Sejarah Lombok (19): Dr RM Soedjono di Selong; Pengembangan Kesehatan dan Pembangunan Penduduk Sasak di Lombok


*Untuk melihat semua artikel Sejarah Lombok dalam blog ini Klik Disini

Ibu kota (onderafdeeling) Lombok Timur (Oost Lombok) di Selong pada dasarnya baru dimulai pada tahun 1897. Dalam permulaan pembangunan kota Selong ini berbagai bidang menjadi perhatian pemerintah seperti pembangunan infrastruktur, gedung pemerintah dan unit bangunan lainny seperti penjara. Garnisun militer sudah lebih dulu ada. Juga yang mendapat perhatian adalah layanan kesehatan dan pendidikan. Untuk memenuhi layanan kesehatan ditempatkan dokter pribumi (dokter Djawa) di Mataram, Praya dan Selong.

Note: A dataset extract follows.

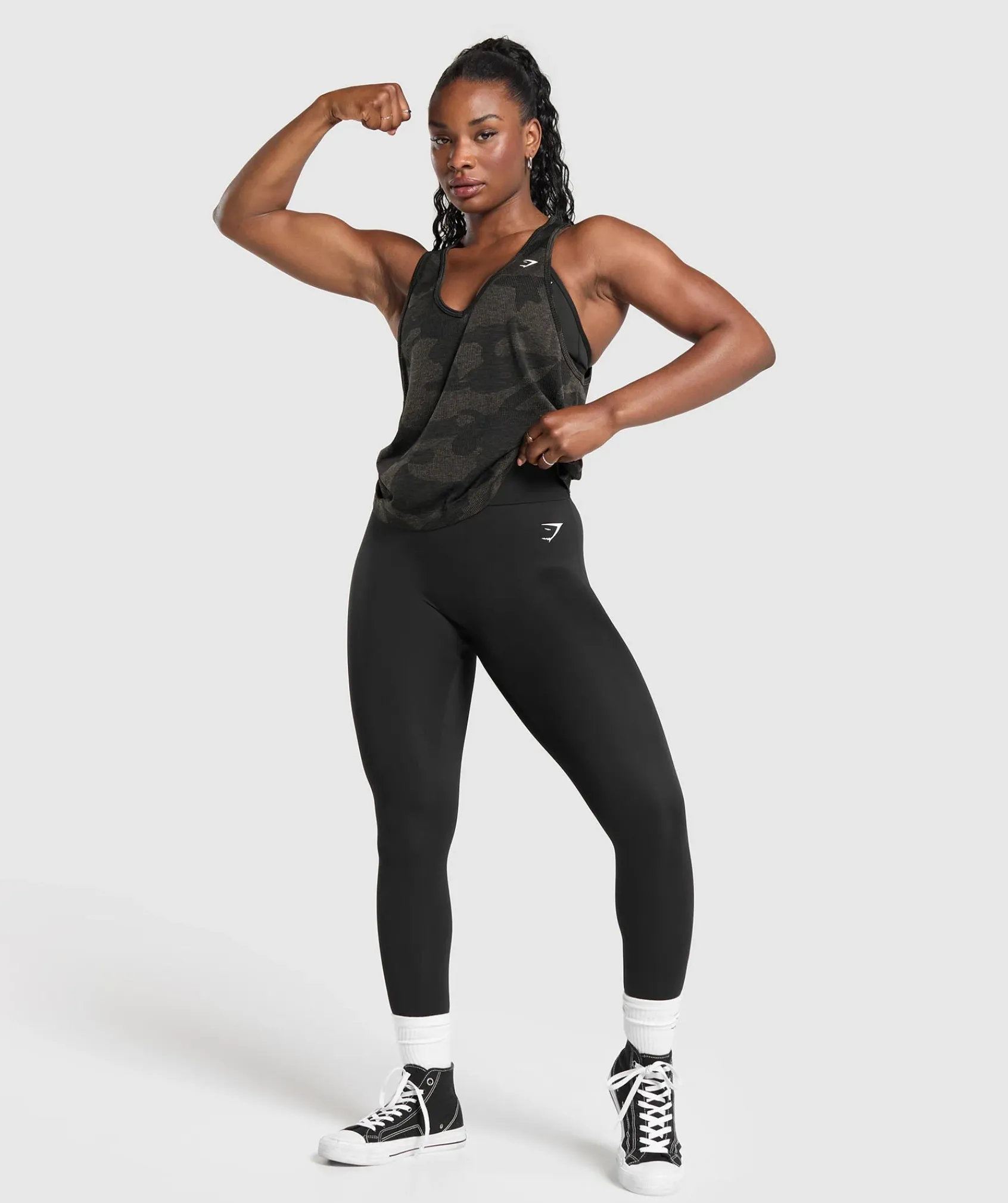 DAMES Gymshark Tanktops|T-shirts*Adapt Camo Seamless Tank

RSUD Dr. Soedjono, Selong (Now)
Pembentukan cabang Pemerintah Hindia Belanda di pulau Lombok pada tahun 1895 (Staatsblad No. 131 tahun 1895). Pulau Lombok menjadi satu afdeeling yang awalnya dua onderafdeeling enjadi tiga onderfadeeling, yakni: West Lombok, Oosr Lombok dan Midden Lombok. Ibu kota Onderafdeeling ditetapkan di Sisik (dekat Laboehan Hadji). Namun dalam perkembangannya Resident Bali en Lombok yang berkedudukan di Boeleleng pada tahun 1897 mengumumkan ibu kota Onderafdeeling Oost Lombok dipindahkan dari Sisik ke (kampong) Selong—jarak 3 atau 4 pal dari (pelabuhan) Laboehan Hadji (lihat Bataviaasch nieuwsblad, 30-08-1897). Sambungan relepon ke Selong dibangun pada awal tahun 1898 (lihat Bataviaasch nieuwsblad, 22-02-1898).

Salah satu dokter Djawa yang ditempatkan di Selong adalah Dr. Raden Mas Soedjono pada tahun 1910 untuk menggantikan koleganya. Diantara dokter-dokter pribumi di Selong, Dr. RM Soedjono yang terbilang cukup lama. Peran Dr. RM Soedjono sebagai dokter di Oost Lombok, tidak hanya di bidang kesehatan, tetapi juga menginisiasi siswa-siswa lulusan sekolah di Selong untuk melanjutkan sekolah pamong praja (OSVIA) dan sekolah guru (kweekschool). Kini, namanya ditabalkan sebagai nama rumah sakit umum daerah (RSUD) di Selong. Lantas bagaiana kisah Dr. RM Soedjono di Selong? Nah, untuk menambah pengetahuan dan meningkatkan wawasan sejarah nasional, mari kita telusuri sumber-sumber tempo doeloe.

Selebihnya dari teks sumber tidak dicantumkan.